A statement from Madison Park assistant principal and athletic director Kristen Weeks praised the team for its season. … “We are even more proud of our players and coaches for the character, integrity, and resiliency they displayed in the face of adversity,” Weeks said in her statement. …

Indeed, after East Bridgewater defeated Madison Park and moved to the next round in the state tournament, it lost to Archbishop Williams by a resounding 52-33.

I only mention this about as often as Francis brings up that he went to Harvard. But I’ll say it here: I’ve coached youth sports. Between two sons I’d say I probably have 24 seasons on my resume in three sports over a dozen or so years. I’ve been involved in too many ass kickings to count. Both as the kicker and the kickee. Some involving East Bridgewater, believe it or not.

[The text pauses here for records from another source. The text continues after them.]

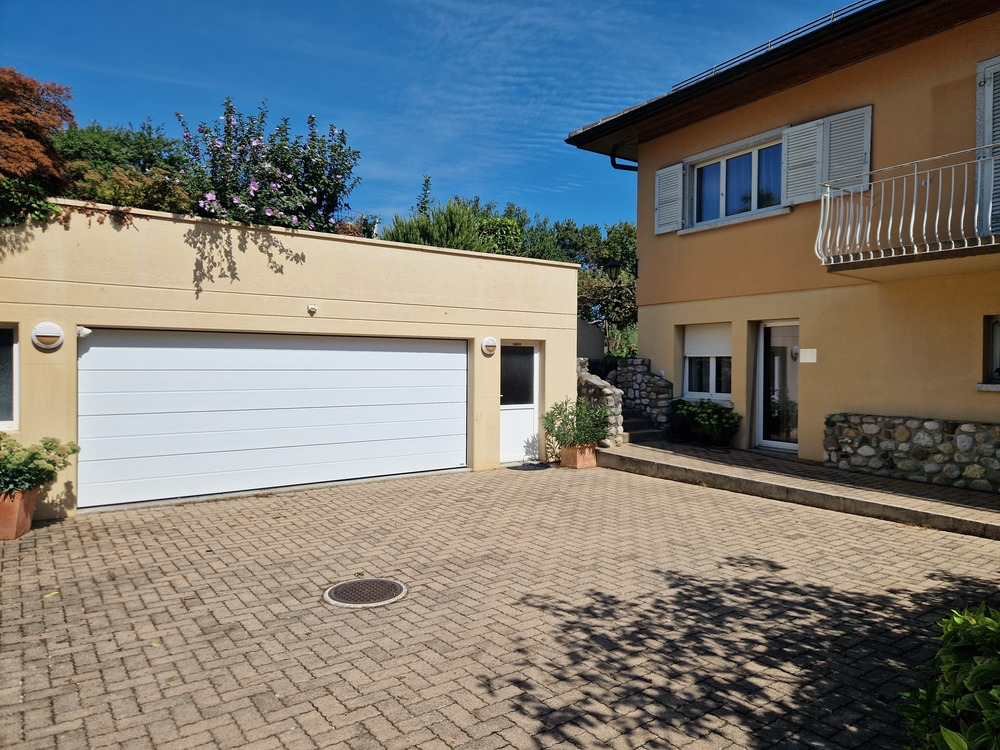 Belle maison familiale au calme avec grand jardin et espace professionnel – Gland — photo 2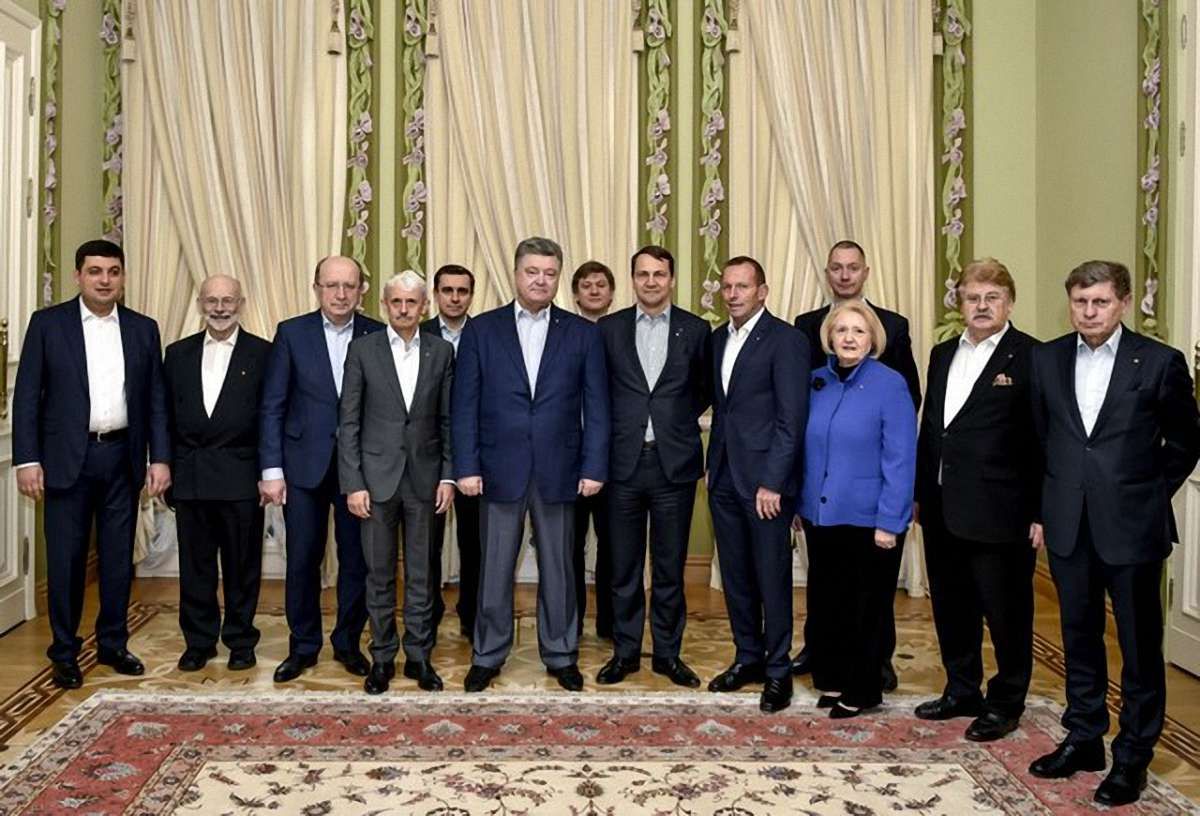 Порошенко провів перше засідання Міжнародної консультативної ради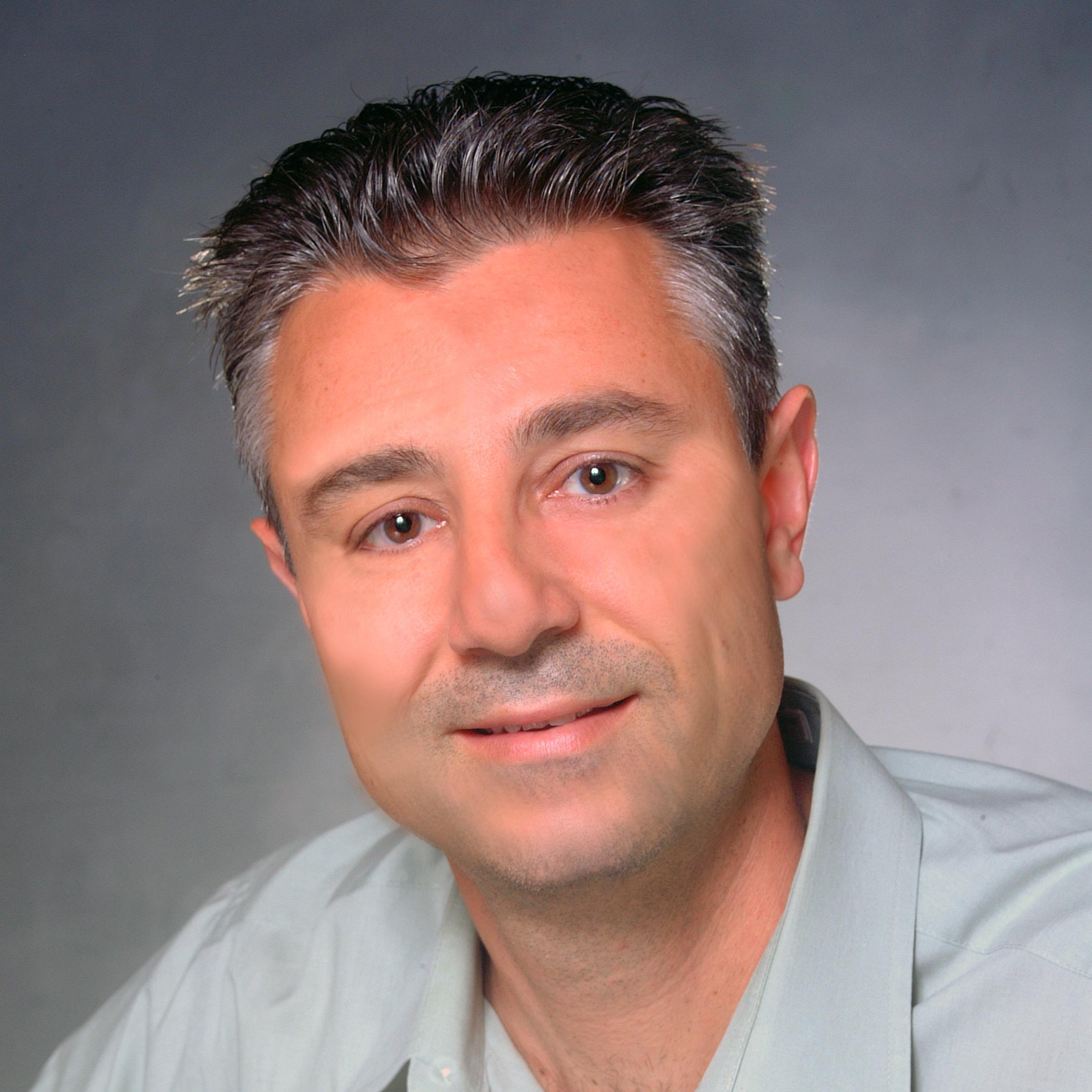 Psych prof, dad, writer, speaker & cook with an Italian heart, American spirit & global mind. Direct the Youth Gratitude Project, now transforming U.S. schools!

I’ve coached teams that won Super Bowls, the worst team in the league and a baseball team full of lovable misfits that barely squeaked into the playoffs, pulled off a miracle run and beat the powerhouse for the town championship. And so I call on all that life experience to say the East Bridgewater superintendent and the Madison Park athletic director both need to shut it.

Yes, the story of the 93-7 game has been around the world and gave birth to probably a billion comment section angry, sanctimonious screeds about how damaging this was to those poor Madison Park girls and how coach Andrew MacDonald needs to be fired and put in stocks in the East Bridgewater village green. But you know who’s not angry? Who’s not the least bit upset? The girls of Madison Park basketball.

Personally, I’m a foot-off-the-gas guy. When you’re up three touchdowns midway through the second half, to me that’s the time to empty your bench and make sure everyone gets to play. Sometimes even then you’re playing a team so bad you still increase your lead. That’s life. I’ve been on the pointy end of the spear in blowouts where the opposing coach keeps his stars in and there’s nothing you can do but take it. Those games suck, but only adults who have never been around youth athletics think it’s psychologically damaging to the kids.

If youth sports is supposed to be all about learning lessons about life (Spoiler: They’re not. In the long run, they’re just funtivities), then there is no more useful lesson to learn than your own limitations. And sometimes your inferiority. I don’t know a soul on that Madison Park team but I promise you within 10 minutes of the final buzzer they were Snapchatting with the Bunny Face filter, trying to get their hands on a box of wine and moving on with their lives. Just like the Lady Vikings were the following game when they got trounced. So we need less yapping from adults who think winning big is a crime against humanity or pretend they’re proud of “character” in the face of an 86-point loss. Mostly we just need them all to remember it’s no more complicated than “sometimes you eat the bar and sometimes the bar eats you.”